◆ **EXERCISE DESCRIPTION**: Every line below from the one containing "Charter Arms 73565" through the one containing "Anouk Purple Floral" is to be printed exactly, with the pictures omitted.

(DATA FOR PROCESSING begins)

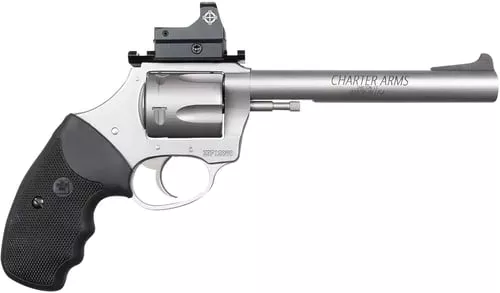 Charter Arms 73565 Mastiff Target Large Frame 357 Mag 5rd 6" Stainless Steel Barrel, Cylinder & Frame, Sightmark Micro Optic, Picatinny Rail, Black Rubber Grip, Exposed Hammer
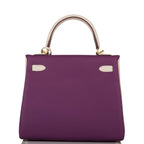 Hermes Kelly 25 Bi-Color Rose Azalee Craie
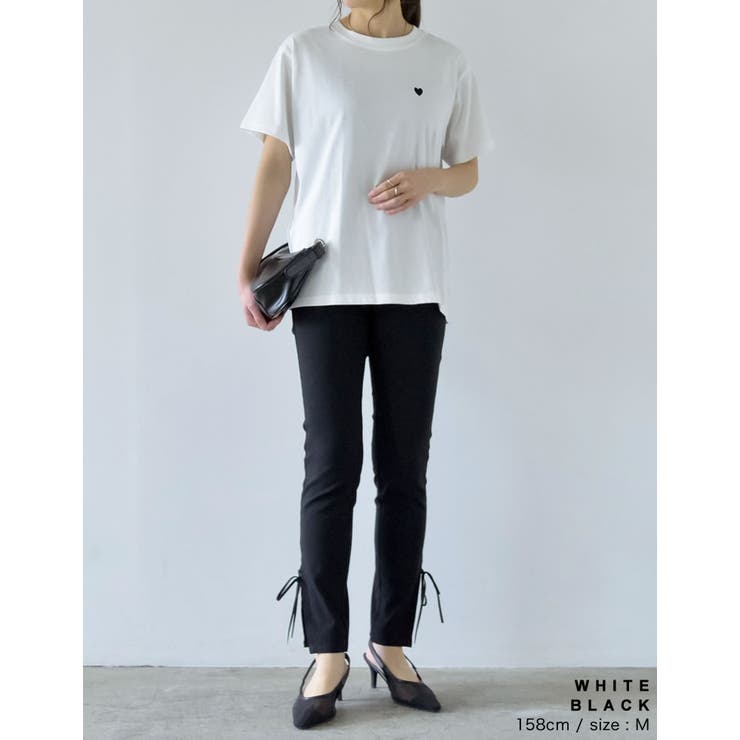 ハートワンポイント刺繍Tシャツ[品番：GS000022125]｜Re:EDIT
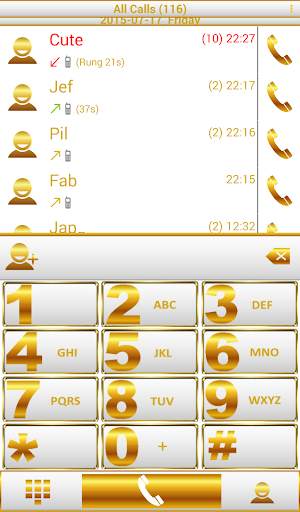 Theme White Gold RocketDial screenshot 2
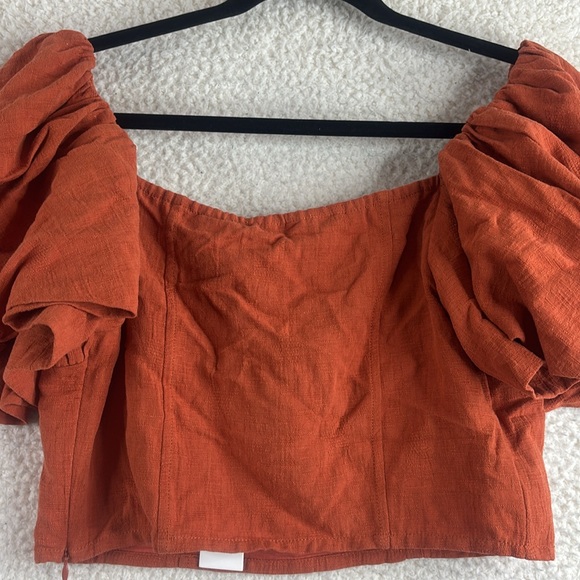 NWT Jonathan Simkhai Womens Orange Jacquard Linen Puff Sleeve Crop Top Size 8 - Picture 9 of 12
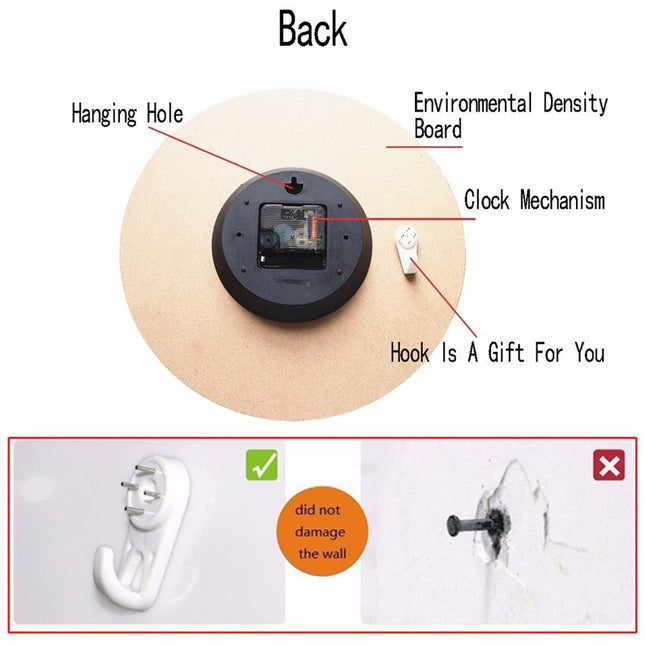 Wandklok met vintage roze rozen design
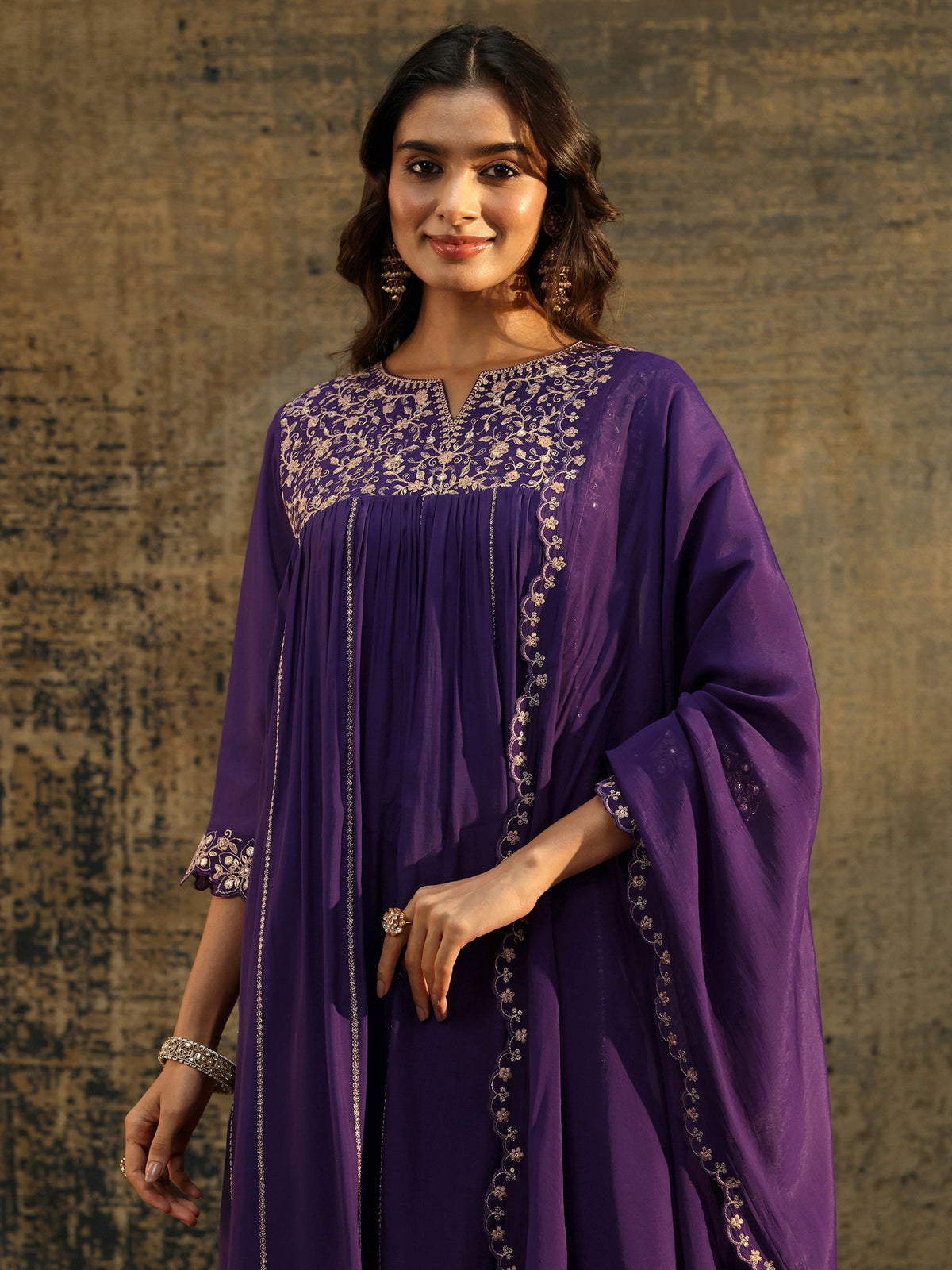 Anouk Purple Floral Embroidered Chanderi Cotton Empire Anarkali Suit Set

(DATA FOR PROCESSING ends)
(DATA FOR PROCESSING begins)

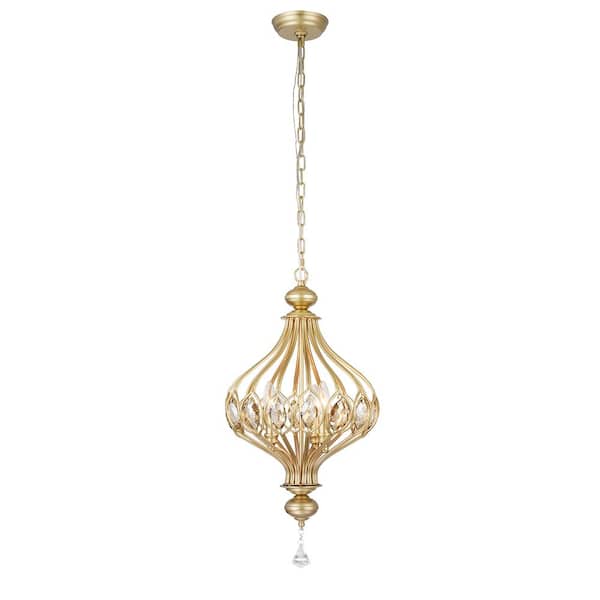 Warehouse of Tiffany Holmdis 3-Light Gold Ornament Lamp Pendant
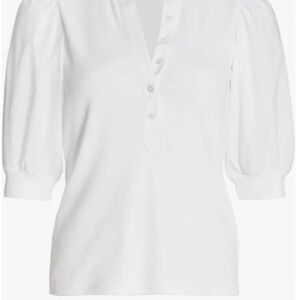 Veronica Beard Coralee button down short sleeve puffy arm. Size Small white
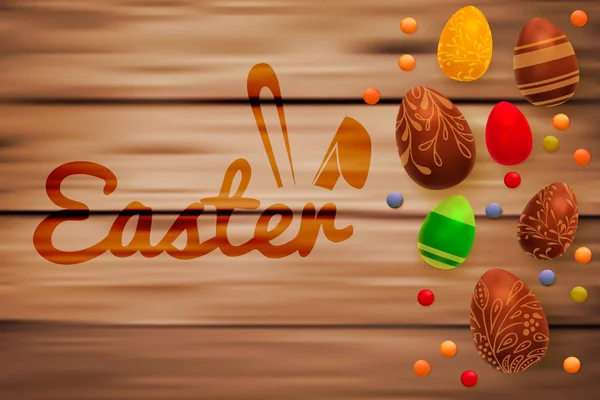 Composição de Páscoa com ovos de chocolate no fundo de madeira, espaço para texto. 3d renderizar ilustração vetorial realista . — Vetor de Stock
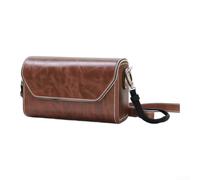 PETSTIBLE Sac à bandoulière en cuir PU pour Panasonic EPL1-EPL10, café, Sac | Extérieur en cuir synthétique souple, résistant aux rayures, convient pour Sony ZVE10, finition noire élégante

(DATA FOR PROCESSING ends)

◆ **REPLY TO THE TASK**:
 Charter Arms 73565 Mastiff Target Large Frame 357 Mag 5rd 6" Stainless Steel Barrel, Cylinder & Frame, Sightmark Micro Optic, Picatinny Rail, Black Rubber Grip, Exposed Hammer
 Hermes Kelly 25 Bi-Color Rose Azalee Craie
 ハートワンポイント刺繍Tシャツ[品番：GS000022125]｜Re:EDIT
 Theme White Gold RocketDial screenshot 2
 NWT Jonathan Simkhai Womens Orange Jacquard Linen Puff Sleeve Crop Top Size 8 - Picture 9 of 12
 Wandklok met vintage roze rozen design
 Anouk Purple Floral Embroidered Chanderi Cotton Empire Anarkali Suit Set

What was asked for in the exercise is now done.